Questo vale per le mucche da latte, mentre i bovini da carne vengono lasciati vivere al massimo fino a due anni e mezzo. I vitelli, che dal consumatore sono erroneamente considerati “carne pregiata”, per l’industria del latte sono semplicemente “scarti” e perciò vengono eliminati, o dovrei dire trucidati, a 6-8 mesi.
In natura una mucca vivrebbe fino a 20 anni.
Il tragico destino di questi esseri derelitti si compie nei macelli, ben lontano dalla vista, dalle orecchie e dalle coscienze dei consumatori, e poi ci pensa l’industria della trasformazione a cancellare le tracce di ciò che erano, in vita, tutti quegli animali uccisi per finire sulle nostre tavole. Non c’è più nessuna coscienza dei passaggi intermedi: cioè che la carne prima di arrivare nei piatti ricopriva le ossa di un animale vivo, che è stato ucciso, macellato e confezionato (a volte anche precotto) per soddisfare i palati dei consumatori.
Per persone che vivono lontane dall’ambiente rurale non è facile collegare quel pezzo di arrosto o quella fetta di prosciutto o di mortadella con l’animale (un animale vivo e vegeto!) a cui apparteneva.

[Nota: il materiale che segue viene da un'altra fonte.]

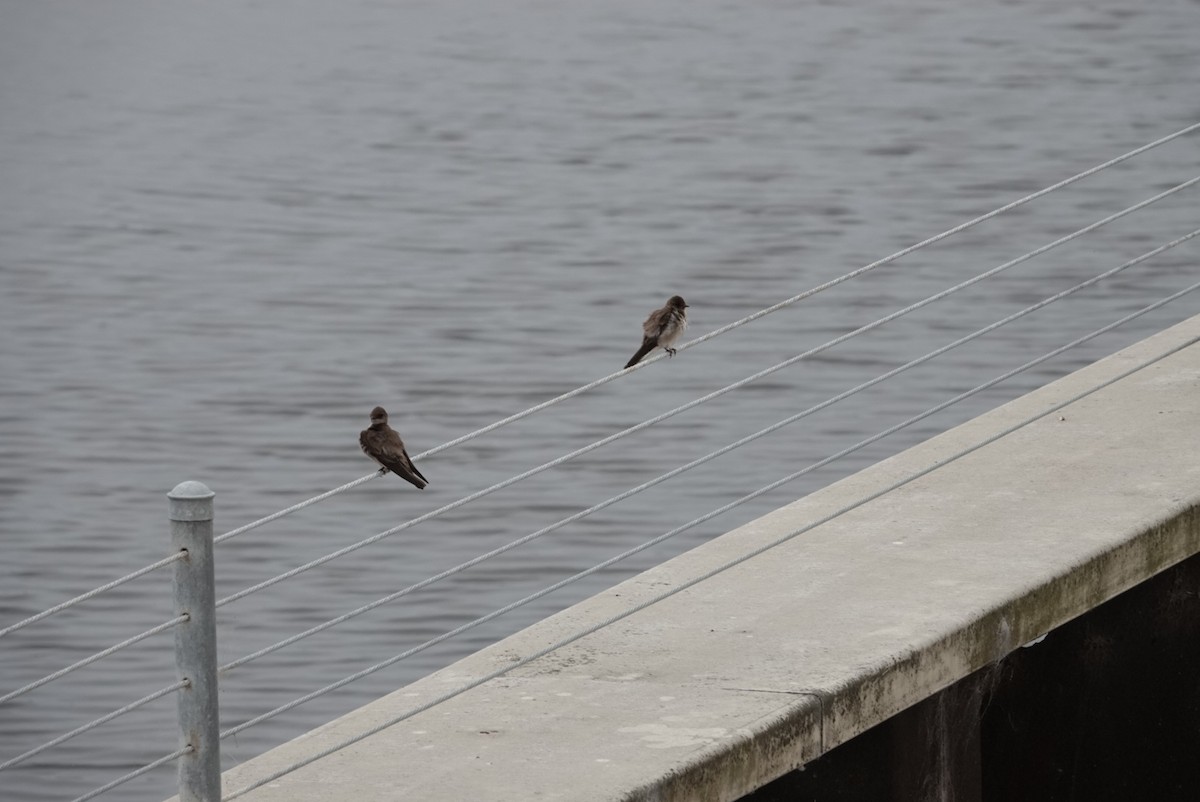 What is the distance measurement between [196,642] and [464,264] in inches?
544

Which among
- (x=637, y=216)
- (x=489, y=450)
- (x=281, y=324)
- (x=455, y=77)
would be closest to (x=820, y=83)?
(x=455, y=77)

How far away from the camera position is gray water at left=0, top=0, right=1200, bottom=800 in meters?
10.9

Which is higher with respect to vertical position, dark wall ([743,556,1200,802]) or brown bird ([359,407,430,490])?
brown bird ([359,407,430,490])

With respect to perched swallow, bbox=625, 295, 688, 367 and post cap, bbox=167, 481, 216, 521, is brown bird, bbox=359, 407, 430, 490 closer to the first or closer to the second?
perched swallow, bbox=625, 295, 688, 367

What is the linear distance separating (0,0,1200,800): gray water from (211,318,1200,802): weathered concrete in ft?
11.1

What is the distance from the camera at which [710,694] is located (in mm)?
4957

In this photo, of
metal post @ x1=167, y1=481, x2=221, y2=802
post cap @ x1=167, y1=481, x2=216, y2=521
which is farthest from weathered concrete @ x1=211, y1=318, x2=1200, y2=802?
post cap @ x1=167, y1=481, x2=216, y2=521

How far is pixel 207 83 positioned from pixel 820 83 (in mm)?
7481

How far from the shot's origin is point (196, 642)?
412 cm

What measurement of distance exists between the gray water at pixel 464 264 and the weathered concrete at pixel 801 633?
3372 millimetres

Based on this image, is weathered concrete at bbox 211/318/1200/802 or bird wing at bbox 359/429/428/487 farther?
bird wing at bbox 359/429/428/487

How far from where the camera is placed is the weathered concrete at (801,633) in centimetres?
466

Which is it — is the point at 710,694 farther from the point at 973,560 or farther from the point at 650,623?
the point at 973,560

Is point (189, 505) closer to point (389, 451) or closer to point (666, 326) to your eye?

È così che si genera il grande inganno, da cui scaturisce l’indifferenza verso le sofferenze degli animali di cui ci si ciba. Un doppio inganno, generato dall’industrializzazione della produzione della carne e dalla pubblicità, che ci propina immagini di persone gioiose mentre mangiano salumi, arrosti, cotolette, tonni in scatola, senza mai associare i “prodotti” che consumano alla loro origine, senza ricordare che la fettina di salame che oggi mangiano tanto allegramente un tempo era un maiale vivo e vegeto (animale intelligentissimo, tra l’altro).
Ma non se ne parla, perché i soldi spesi in pubblicità dai produttori di carne e derivati della carne chiudono tutte le bocche e fanno assopire tutte le coscienze, tanto che trovare un programma televisivo o un articolo di giornale che svelino il grande inganno e la pericolosità dell’alimentazione carnivora è una rarità.

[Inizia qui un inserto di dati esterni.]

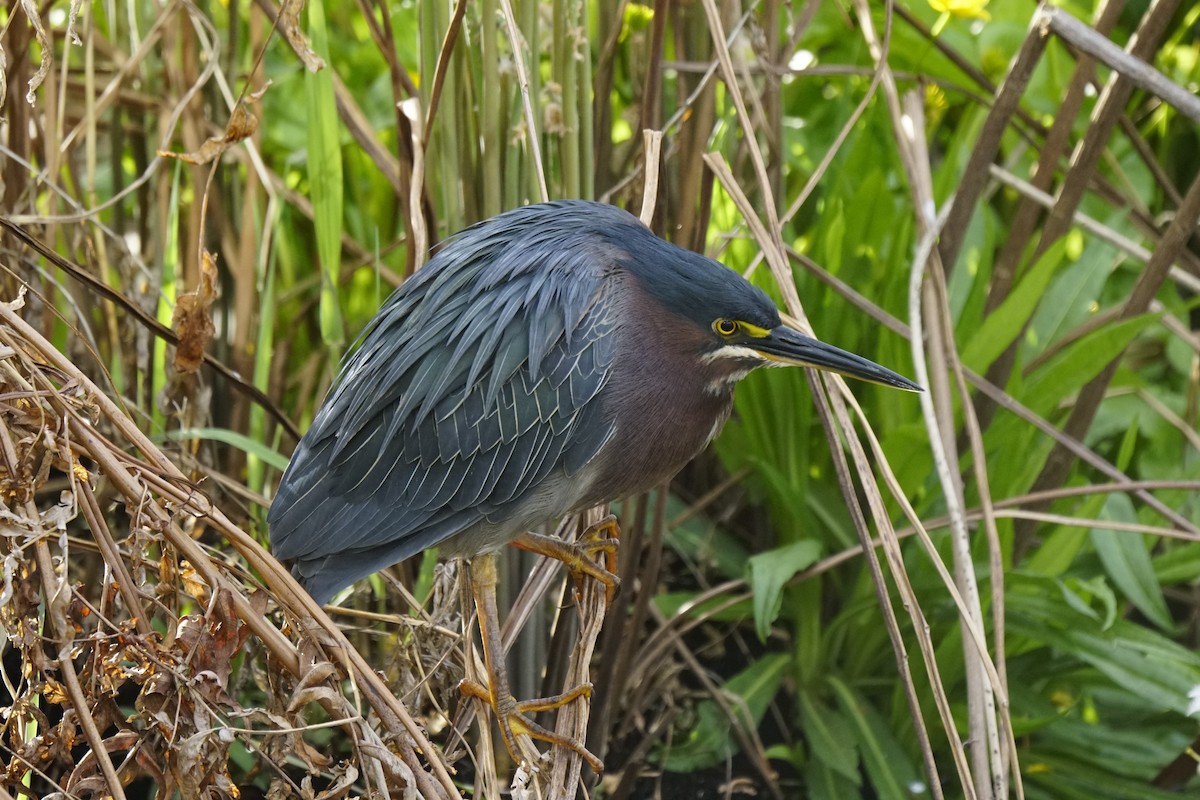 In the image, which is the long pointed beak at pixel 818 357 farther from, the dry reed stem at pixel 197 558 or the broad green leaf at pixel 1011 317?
the broad green leaf at pixel 1011 317

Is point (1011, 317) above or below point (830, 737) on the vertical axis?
above

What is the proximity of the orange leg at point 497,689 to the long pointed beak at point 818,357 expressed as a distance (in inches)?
20.7

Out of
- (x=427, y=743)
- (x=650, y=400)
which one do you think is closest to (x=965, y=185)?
(x=650, y=400)

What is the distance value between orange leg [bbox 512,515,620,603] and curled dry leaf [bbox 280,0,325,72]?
2.45ft

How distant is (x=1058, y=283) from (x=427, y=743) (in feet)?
6.87

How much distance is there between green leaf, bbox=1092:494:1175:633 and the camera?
2.40 metres

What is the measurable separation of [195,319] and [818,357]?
0.86 metres

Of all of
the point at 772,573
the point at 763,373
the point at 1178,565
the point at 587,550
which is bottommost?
the point at 1178,565

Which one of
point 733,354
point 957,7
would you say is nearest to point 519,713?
point 733,354

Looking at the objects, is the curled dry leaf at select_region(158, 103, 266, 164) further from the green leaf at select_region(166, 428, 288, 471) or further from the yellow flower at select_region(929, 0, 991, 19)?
the yellow flower at select_region(929, 0, 991, 19)

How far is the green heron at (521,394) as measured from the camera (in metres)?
1.67

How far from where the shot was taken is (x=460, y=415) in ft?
5.62

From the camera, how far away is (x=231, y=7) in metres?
2.37

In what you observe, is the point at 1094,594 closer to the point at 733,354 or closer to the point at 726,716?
the point at 726,716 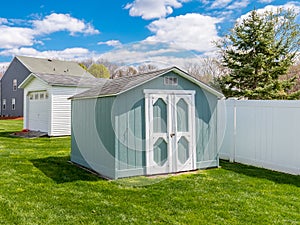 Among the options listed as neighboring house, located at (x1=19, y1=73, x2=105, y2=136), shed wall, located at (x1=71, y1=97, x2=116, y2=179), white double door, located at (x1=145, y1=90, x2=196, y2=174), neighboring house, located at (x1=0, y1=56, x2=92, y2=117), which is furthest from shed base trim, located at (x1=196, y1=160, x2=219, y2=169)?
neighboring house, located at (x1=0, y1=56, x2=92, y2=117)

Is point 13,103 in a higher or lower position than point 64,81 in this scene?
lower

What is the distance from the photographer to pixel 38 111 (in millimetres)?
14000

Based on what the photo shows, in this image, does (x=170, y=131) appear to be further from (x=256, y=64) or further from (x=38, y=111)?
(x=38, y=111)

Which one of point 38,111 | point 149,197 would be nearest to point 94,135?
point 149,197

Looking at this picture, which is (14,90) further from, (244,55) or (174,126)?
(174,126)

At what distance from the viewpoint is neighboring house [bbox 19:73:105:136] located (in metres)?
12.7

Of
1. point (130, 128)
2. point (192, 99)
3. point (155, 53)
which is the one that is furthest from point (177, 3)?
point (130, 128)

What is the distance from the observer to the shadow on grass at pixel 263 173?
5.26 meters

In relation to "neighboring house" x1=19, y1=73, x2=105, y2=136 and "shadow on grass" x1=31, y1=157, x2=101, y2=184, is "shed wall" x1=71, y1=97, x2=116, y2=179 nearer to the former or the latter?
"shadow on grass" x1=31, y1=157, x2=101, y2=184

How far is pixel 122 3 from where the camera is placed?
1269 cm

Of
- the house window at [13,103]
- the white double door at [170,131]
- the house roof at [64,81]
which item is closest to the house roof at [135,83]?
the white double door at [170,131]

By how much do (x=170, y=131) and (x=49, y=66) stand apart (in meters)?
22.0

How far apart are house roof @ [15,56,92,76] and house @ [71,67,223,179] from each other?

A nessuno interessa realmente della salute pubblica. Mentre a tanti interessa la salute dei portafogli, che più sono pingui meglio è.
Ci sarebbe da parlarne per giorni, mesi. Ho scritto addirittura un libro sull’argomento: La vendetta dei broccoli, un “giallo “vegetariano” dove cerco di far riflettere sul fatto che per nutrirsi non c’è bisogno di ammazzare esseri viventi.
Stavolta invece lascerò che siano le immagini a parlare. Così come è successo anni fa, dopo l’incontro con quel gregge di pecore e agnellini che mi diede lo spunto per la campagna di Pasqua “Lasciamoli vivere”, forse anche queste foto diventeranno il fulcro di una campagna di sensibilizzazione. Perché se si vuole continuare a mangiare carne la si mangi, ma almeno non si faccia finta di non sapere che anche gli animali provano sentimenti, e il legame di mamma mucca col suo vitellino non è così diverso da quello tra una donna e il suo bambino.
Qualcuno si indignerà per il paragone? Problemi suoi.
Diana Lanciotti
P.S. Solo guardando le foto di mamma mucca col suo vitellino, ho capito perché lei è rimasta ferma in mezzo al prato ad aspettarlo: aveva le zampe anteriori legate tra di loro. Una pratica crudele, che oltretutto non credo sia permessa. Mi informerò.